Navy SEAL William "Ryan" Owens was killed and three other U.S. servicemembers wounded in a firefight with militants at the compound. Pentagon officials said 14 militants were killed in the assault, but local authorities said the casualties also included a number of other women and children.
The military mission was the first authorized by President Donald Trump, who traveled to Delaware on Wednesday to witness the return of Owens’ body to American soil.
Numerous news outlets have cited military sources calling the raid a poorly-planned tragedy, detailing the crash of a V-22 Osprey aircraft and a 50-minute firefight with enemy fighters after the commando team lost the element of surprise.

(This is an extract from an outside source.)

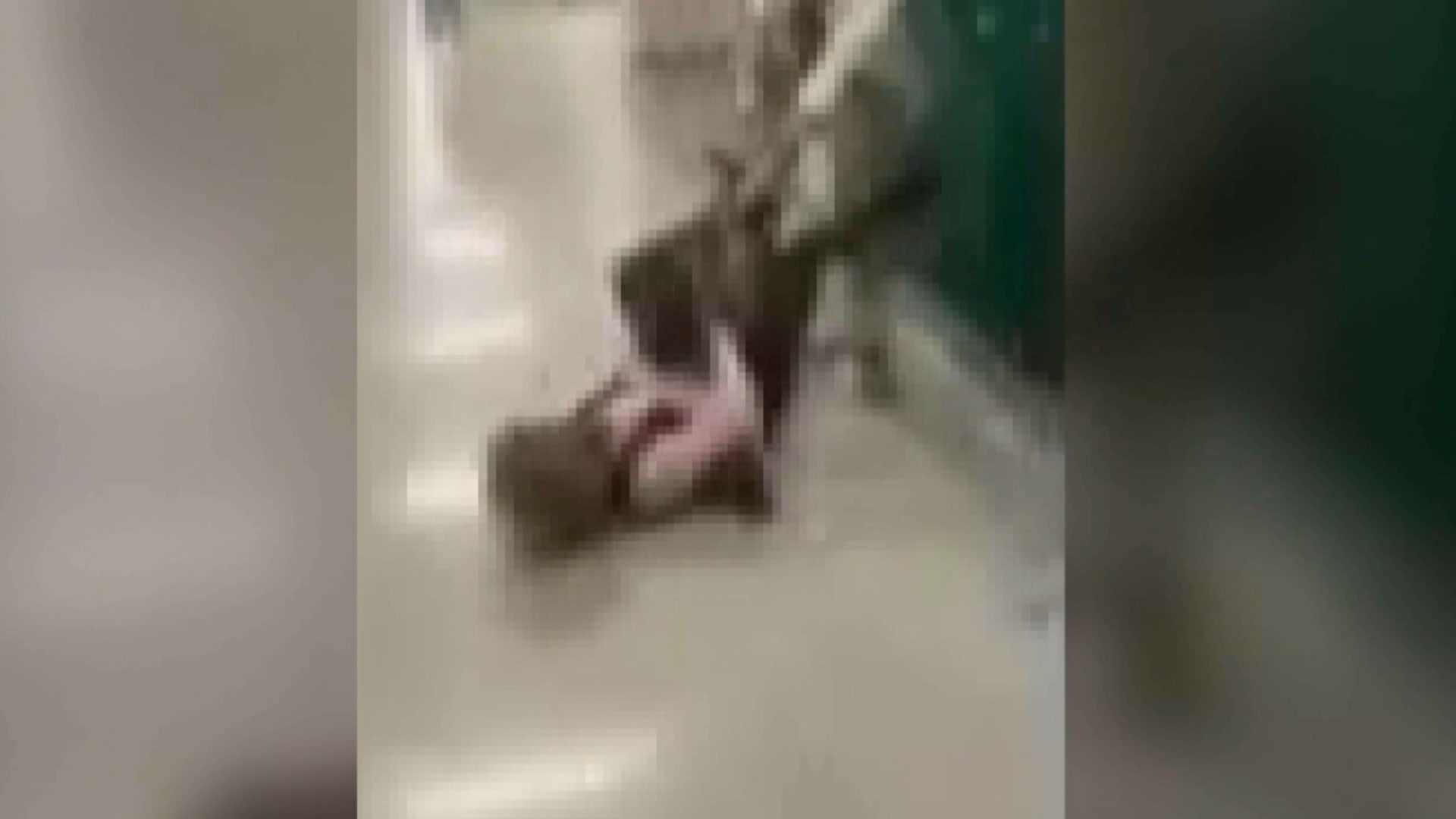 طرحتها أرضًا وبدأت بركلها وضربها.. مشهد مؤلم لطالبة تعتدي على معلمتها داخل الفصل الدراسي 5 طرحتها أرضًا وبدأت بركلها وضربها.. مشهد مؤلم لطالبة تعتدي على معلمتها داخل الفصل الدراسي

But White House Spokesman Sean Spicer said the timeline for planning the raid dates back almost three months, to the end of President Barack Obama’s administration.
“Not only was it a very thought out process by this administration, it had started back in November,” he told reporters on Thursday. “This was a well thought out and executed effort.”
Spicer said numerous Obama and Trump administration officials — including Defense Secretary James Mattis and Joint Chiefs Chairman Gen. Joseph Dunford — reviewed and approved of the mission before Trump signed the final orders.
He also indicated that Obama administration officials would have gone ahead with the mission if not for strategic timing decisions. The mission was launched on Jan. 29 because it was “a moonless night,” offering more potential cover for U.S. forces.
Trump was updated periodically as the raid progressed, and was quickly informed of Owens’ death.
Despite the loss and setbacks, Spicer still classified the mission as a success.
“It’s hard to ever call something a complete success when you have a loss of life or people injured,” he said. “But when you look at the totality of what was gained to prevent the future loss of life here in America and against our people and our institutions, I think it was a successful operation by all standards.”
Spicer also hailed Owens, a 36-year-old on his 12th deployment overseas, as a hero who “died in sacrifice for someone else here in this nation.”
Earlier in the week, Trump released a statement calling the mission a key intelligence victory “that will assist the U.S. in preventing terrorism against its citizens and people around the world.”
Navy officials announced Thursday that Owens was posthumously advanced to senior chief petty officer.